On Thu, Feb 20, 2020 at 07:25:32AM +0100, Robin Lee wrote:
> I'm wondering how hidden a hidden service actually is? Because last
> week charges were brought against Flugsvamp, a Swedish darknet drug
> shop. In the documents made public for the court case the police states
> that is was able to trace the actual ip-addresses of the onion-
> addresses. Flugsvamp had two onion-addresses and the the police gave
> different probabilities that a certain ip-address was behind each.
> 
> Is it just a function of time and amount of traffic, i.e. the longer
> you are online and the more traffic you generate, the more probable it
> is to discover the true ip-address?

It's complicated.

I should start out with saying I'd never heard of Flugsvamp until your
email, and I have no notion of whether they used Tor or what. That said:

Services on the internet are inherently harder to make safe than clients,
(a) because they stay at the same place for long periods of time, and
(b) because the attacker can induce them to generate or receive traffic,
in a way that's harder to reliably do to clients.
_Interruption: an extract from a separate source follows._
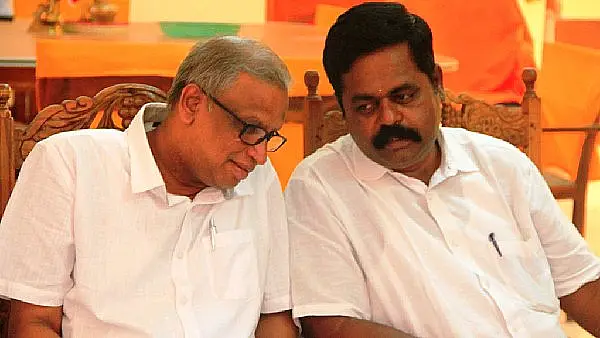 35 சபைகளிலும் தமிழரசுக் கட்சி தலைமைக்கு முயற்சிக்கும்! – அரசியல் குழுவில் முடிவு .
Most identification problems with Tor users, and with onion services,
have turned out to be opsec mistakes, or flaws in the application
software at one end or the other. That is, nothing to do with the Tor
protocol at all. But of course in the "layers of conspiracy" world we
live in nowadays, you can never be quite sure, because maybe "they"
used a complex attack on Tor and then covered it up by pointing to an
opsec flaw. One hopefully productive way forward is to point out that
even if we don't know how every successful attack really started, we
know that opsec flaws are sufficient to explain most of them.

When I'm doing talks about Tor these days, I list these four areas
of concern, ordered by how useful or usable they are to attackers in
practice: (1) Opsec mistakes, (2) Browser metadata fingerprints / proxy
bypass bugs, (3) Browser / webserver exploits, and (4) Traffic analysis.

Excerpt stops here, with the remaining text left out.